Un tren, un avión, un coche. Niza, fin de trayecto. Nice, Nizza, Nica, Nissa, Ніцца, Ηίκαια, Nicea, Nicaea, Nisa, Ницца. Soñaban con la Riviera, y luego un día les entregan el pasaporte, obtienen la visa, ya pueden comprar el billete y, sin más, agarrar a los niños, la niñera, la abuela, las tías solteras, el tío tísico, el perro, el loro, la criada. Se trasladan a Francia, mandan a los niños al colegio, trabajan, trabajan, consiguen la nacionalidad, hacen el servicio militar, mueren por Francia.
Mueren.
El cementerio judío de Niza se extiende desde hace casi un siglo y medio sobre la colina del castillo, justo delante del mar.
Sobre las tumbas, viejas fotos desvaídas por el sol, borrosas, lavadas, caras sonrientes o pensativas o serias u orgullosas.
Nacieron en Kiev, en Varsovia, en Kishinev, Mariupol, Kherson, Odesa o Nikolajev, en Kaunas, Berlín, San Petersburgo, Leópolis, Radautz en Bucovina, hoy Rădăuți en Rumanía, tambien en Argelia, en Orán o en Costantino, en Taganrog, en Costantinopla y en Londres, también en Rangoon en Birmania, o en El Cairo. En Johannesburg.
Han muerto en Niza, o en Mentone, o más lejos, pero su familia los ha devuelto a su lugar. Al sol sobre el mar.
En los años negros, que aquí fueron menos negros que en otros sitios, algunos murieron muy lejos, en el Este. De ellos no quedan sino unas breves líneas en su memoria.
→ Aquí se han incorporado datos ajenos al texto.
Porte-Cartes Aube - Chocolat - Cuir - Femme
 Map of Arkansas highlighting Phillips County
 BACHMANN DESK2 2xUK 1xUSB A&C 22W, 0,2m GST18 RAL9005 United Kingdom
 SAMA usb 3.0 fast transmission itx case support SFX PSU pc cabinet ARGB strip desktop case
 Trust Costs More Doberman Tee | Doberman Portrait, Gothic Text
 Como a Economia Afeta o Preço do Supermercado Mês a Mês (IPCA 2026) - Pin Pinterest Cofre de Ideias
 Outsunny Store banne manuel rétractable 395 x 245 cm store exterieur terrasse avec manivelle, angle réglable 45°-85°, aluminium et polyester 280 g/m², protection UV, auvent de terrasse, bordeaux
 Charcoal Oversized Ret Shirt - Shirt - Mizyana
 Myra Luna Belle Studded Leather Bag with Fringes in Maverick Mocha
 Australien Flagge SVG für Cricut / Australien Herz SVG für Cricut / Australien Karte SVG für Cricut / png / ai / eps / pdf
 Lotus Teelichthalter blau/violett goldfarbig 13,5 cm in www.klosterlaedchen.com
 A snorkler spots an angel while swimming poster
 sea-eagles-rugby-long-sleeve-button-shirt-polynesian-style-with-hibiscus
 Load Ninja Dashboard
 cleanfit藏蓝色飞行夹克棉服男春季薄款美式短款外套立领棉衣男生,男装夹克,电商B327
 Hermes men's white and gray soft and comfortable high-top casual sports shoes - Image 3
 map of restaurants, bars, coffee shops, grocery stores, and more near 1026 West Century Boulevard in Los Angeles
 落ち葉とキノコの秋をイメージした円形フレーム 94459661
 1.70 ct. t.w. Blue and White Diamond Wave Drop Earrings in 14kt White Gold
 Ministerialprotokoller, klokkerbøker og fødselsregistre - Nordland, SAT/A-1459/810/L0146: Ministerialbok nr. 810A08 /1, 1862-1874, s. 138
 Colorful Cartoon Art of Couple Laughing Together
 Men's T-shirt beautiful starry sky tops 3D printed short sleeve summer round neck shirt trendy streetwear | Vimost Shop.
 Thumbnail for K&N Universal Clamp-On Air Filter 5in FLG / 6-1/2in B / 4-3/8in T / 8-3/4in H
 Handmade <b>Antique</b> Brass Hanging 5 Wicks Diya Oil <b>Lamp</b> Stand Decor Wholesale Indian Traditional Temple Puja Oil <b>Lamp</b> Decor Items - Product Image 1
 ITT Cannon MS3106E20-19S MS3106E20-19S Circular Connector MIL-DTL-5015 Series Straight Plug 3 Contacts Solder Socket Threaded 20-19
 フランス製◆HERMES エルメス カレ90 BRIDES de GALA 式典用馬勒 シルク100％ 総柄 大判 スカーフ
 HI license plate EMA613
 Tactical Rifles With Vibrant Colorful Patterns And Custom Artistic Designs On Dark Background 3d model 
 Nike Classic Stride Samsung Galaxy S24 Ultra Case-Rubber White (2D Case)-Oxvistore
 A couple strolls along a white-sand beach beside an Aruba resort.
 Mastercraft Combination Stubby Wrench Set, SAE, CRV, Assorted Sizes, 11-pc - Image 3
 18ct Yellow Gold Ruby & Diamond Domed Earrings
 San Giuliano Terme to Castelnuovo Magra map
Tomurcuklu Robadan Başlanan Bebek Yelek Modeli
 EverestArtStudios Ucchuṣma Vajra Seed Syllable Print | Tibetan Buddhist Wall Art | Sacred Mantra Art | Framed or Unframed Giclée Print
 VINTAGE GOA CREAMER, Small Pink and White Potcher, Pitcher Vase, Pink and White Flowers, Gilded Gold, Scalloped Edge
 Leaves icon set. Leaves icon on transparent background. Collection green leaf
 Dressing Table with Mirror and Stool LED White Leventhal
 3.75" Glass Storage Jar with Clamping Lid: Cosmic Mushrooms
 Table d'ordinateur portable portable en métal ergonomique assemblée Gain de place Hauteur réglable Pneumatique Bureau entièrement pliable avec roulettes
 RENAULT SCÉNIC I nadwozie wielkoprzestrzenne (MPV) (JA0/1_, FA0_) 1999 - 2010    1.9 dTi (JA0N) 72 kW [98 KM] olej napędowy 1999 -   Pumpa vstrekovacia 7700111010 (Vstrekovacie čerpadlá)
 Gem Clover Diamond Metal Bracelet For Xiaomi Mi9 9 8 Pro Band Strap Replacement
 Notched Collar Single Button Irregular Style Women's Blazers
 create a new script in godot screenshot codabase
Algunas lápidas nos sorprenden con su tipografía arcaica. En efecto, se trajeron aquí las antiguas piedras del anterior cementerio judío que estaba al pie de la colina. La lápida más antigua data de 1540. Sobre otras, las letras de bronce verde reflejan la multitud de lenguas en otro tiempo vivas: francés, hebreo, polaco, italiano, ruso con la antigua ortografía previa a 1918, inglés, alemán. Y esculpidas en la piedra, letras borradas, palabras olvidadas.
Poco a poco las piedras desaparecen bajo los pies de los paseantes. Abajo, más allá de los árboles, el azul del mar.